**Material provided:**

——

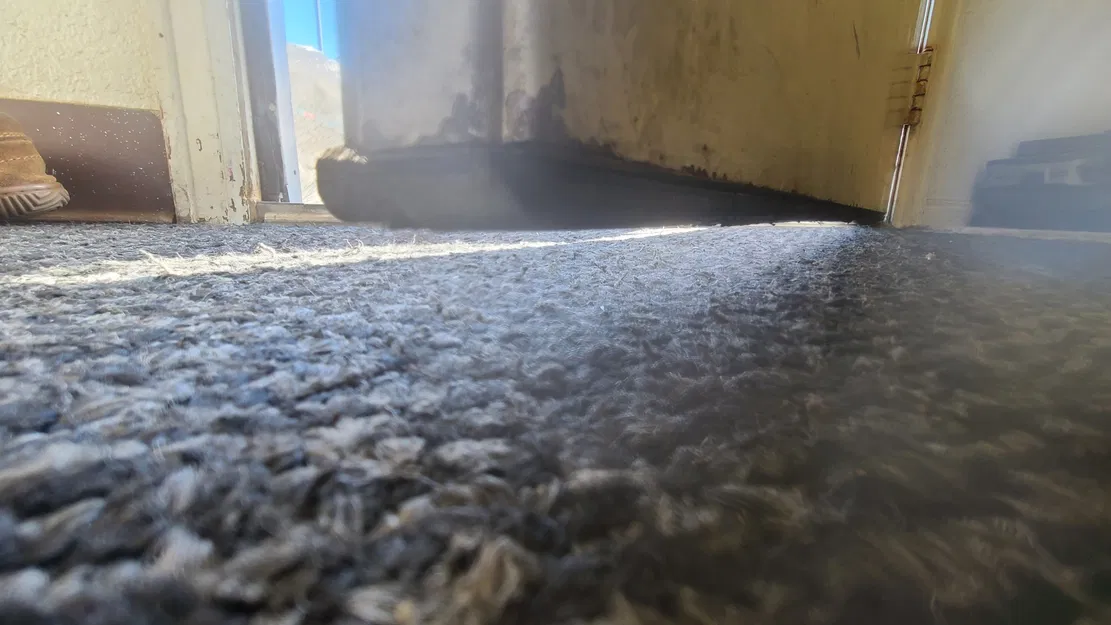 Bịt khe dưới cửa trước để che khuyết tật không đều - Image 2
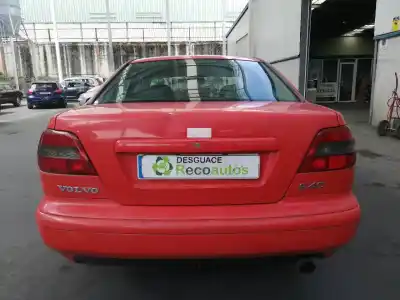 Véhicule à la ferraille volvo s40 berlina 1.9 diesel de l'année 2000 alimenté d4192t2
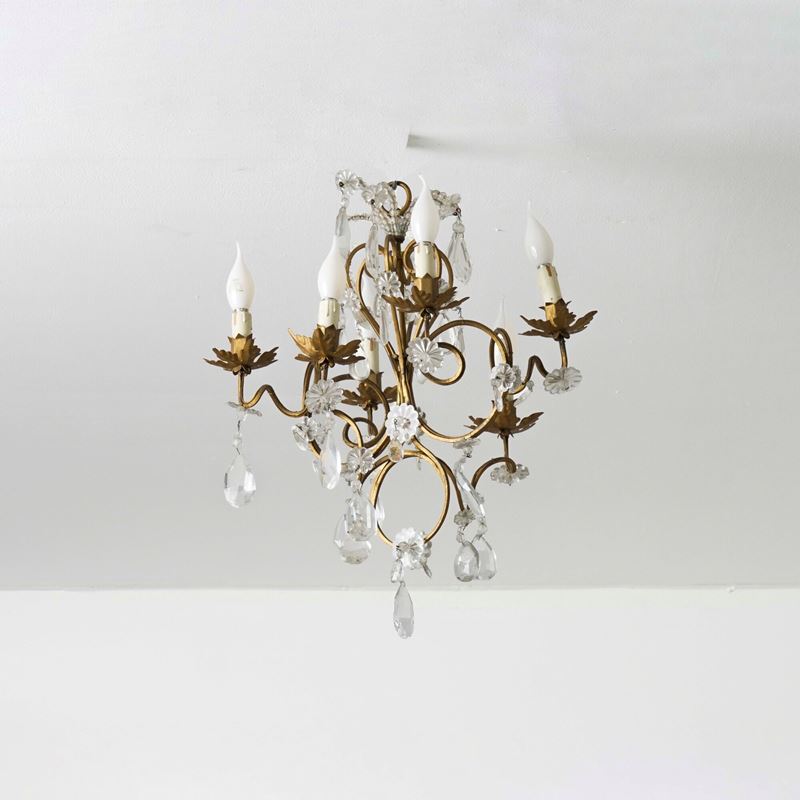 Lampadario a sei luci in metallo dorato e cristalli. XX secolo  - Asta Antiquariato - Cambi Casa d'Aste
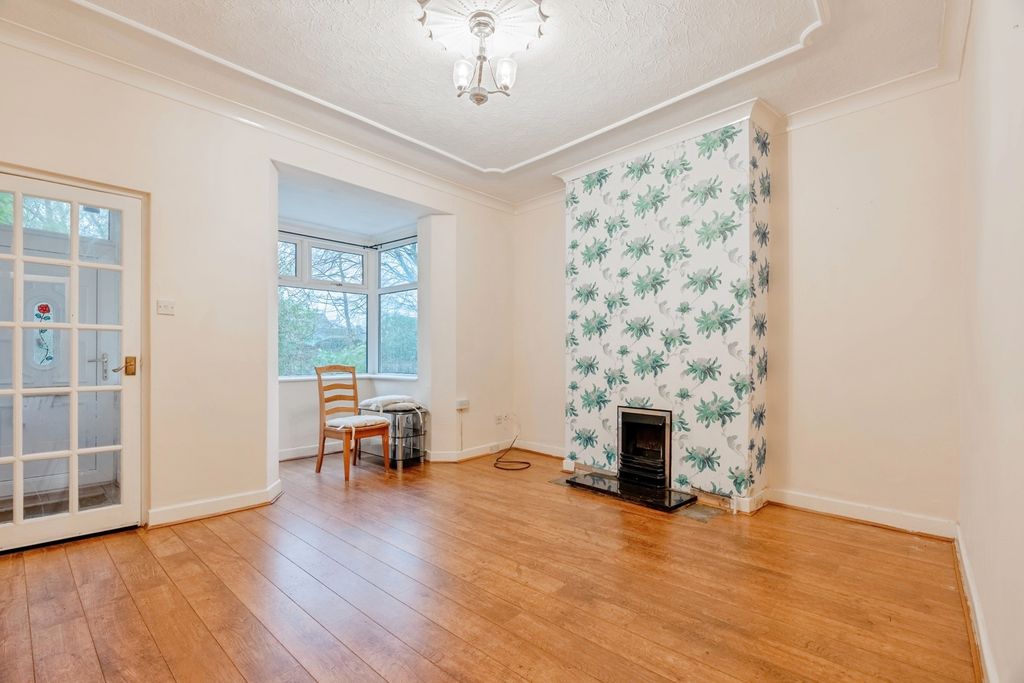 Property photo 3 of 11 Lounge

——

**Exercise directions:** Repeat the material above verbatim, with no pictures in the output.

**Task result:**
 Bịt khe dưới cửa trước để che khuyết tật không đều - Image 2
 Véhicule à la ferraille volvo s40 berlina 1.9 diesel de l'année 2000 alimenté d4192t2
 Lampadario a sei luci in metallo dorato e cristalli. XX secolo  - Asta Antiquariato - Cambi Casa d'Aste
 Property photo 3 of 11 Lounge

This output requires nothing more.